### Goal of the exercise
From the first line of the material through the line that holds "Tribal geometric - blue", repeat each line exactly and skip any picture.

### Recorded information
____

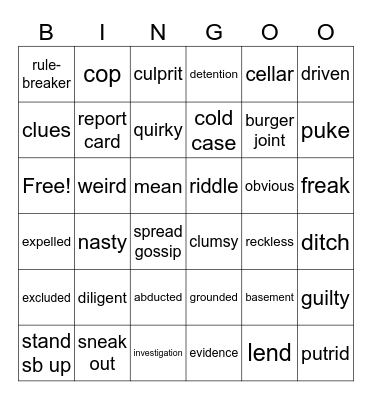 Gossip and crime Bingo Card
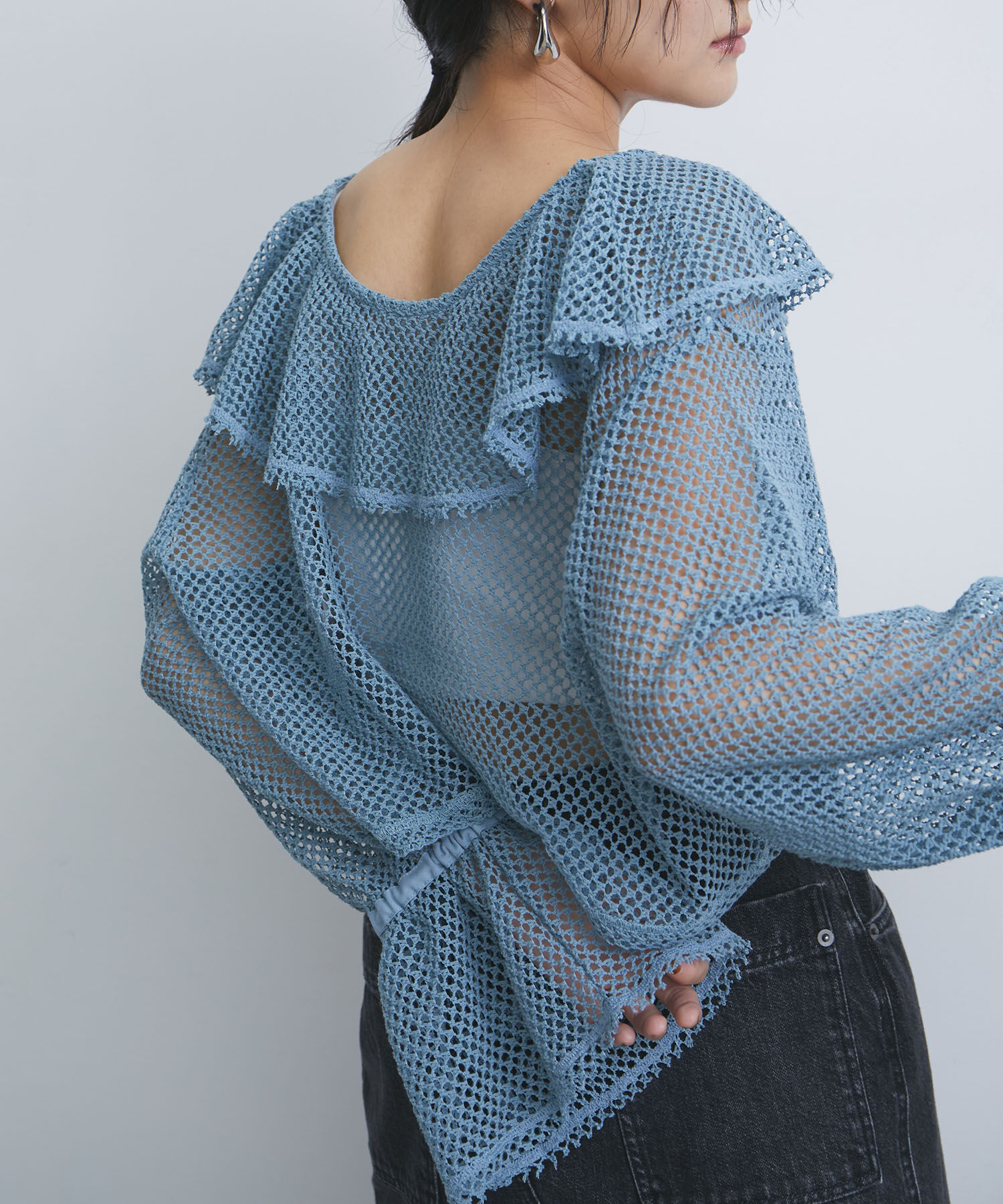 VIS「【前後2WAY】メッシュフリルカーディガン」|シャツ・ブラウス|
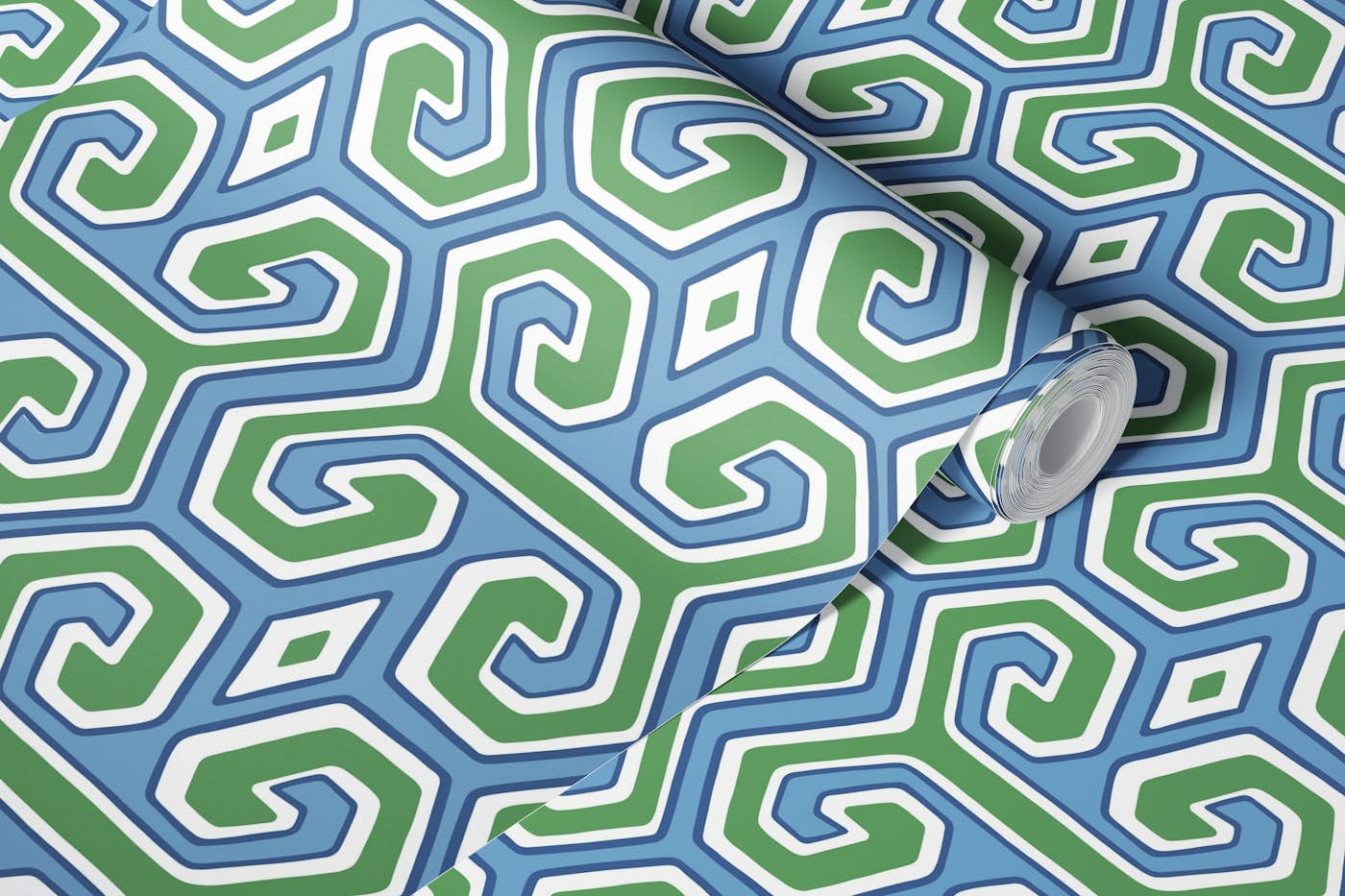 Tribal geometric - blue and green wallpaper roll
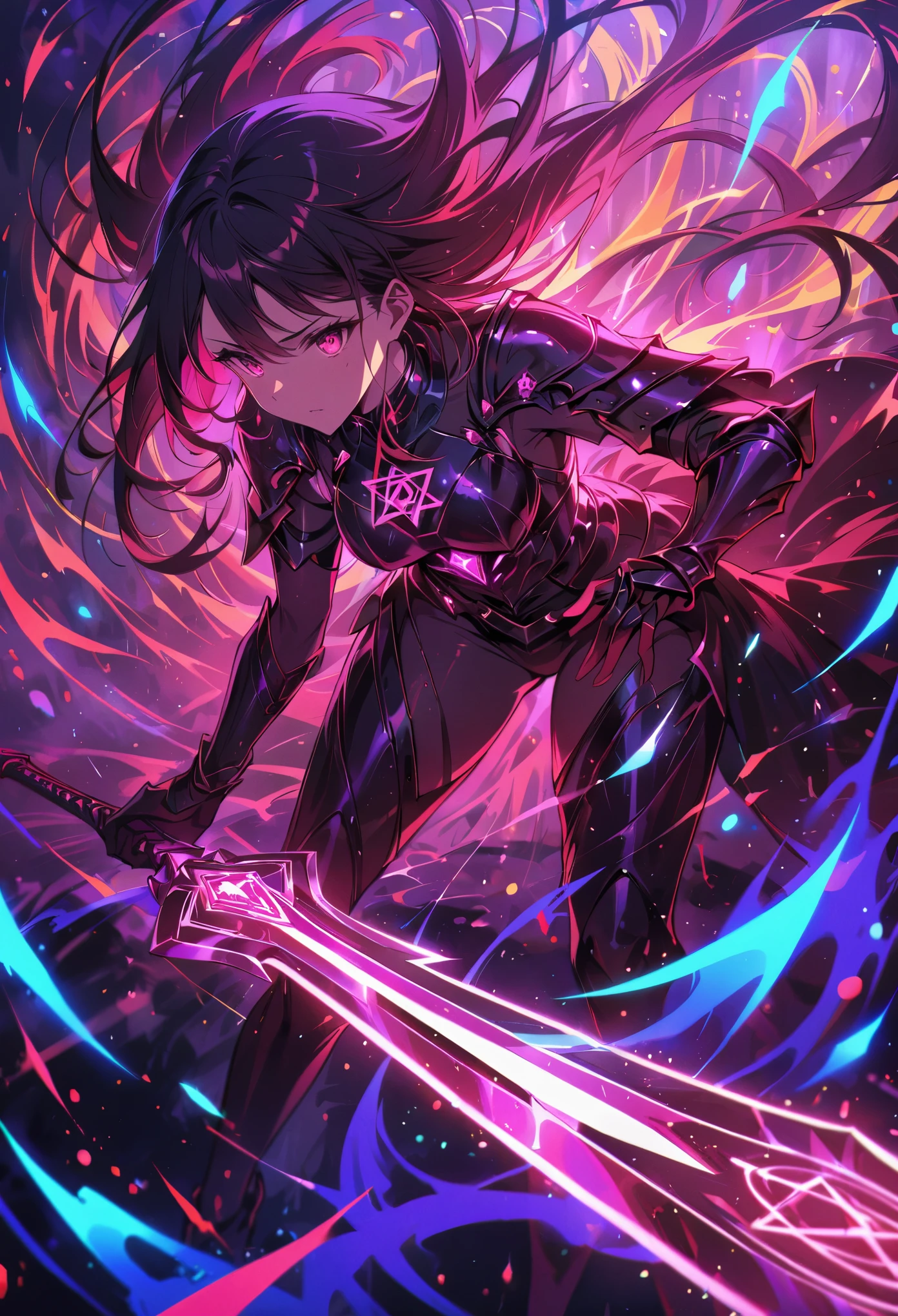 (best quality, masterpiece:1.2), ultra-detailed, a huge glowing sword, ancient glowing symbols on the blade, a girl wearing armor, Cuvry Pose,Dynamic Action，long flowing hair, silver armor,  electric arc hexagram magic circle background, magical effects, detailed magic circle, detailed hexagram, intricate sword handle texture, thick breath mist, Surrealism, 4k, 8k, highres, best quality, highres, anatomically correct, textured skin，vivid color,red,white,blue,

____

### Response to this exercise
 Gossip and crime Bingo Card
 VIS「【前後2WAY】メッシュフリルカーディガン」|シャツ・ブラウス|
 Tribal geometric - blue and green wallpaper roll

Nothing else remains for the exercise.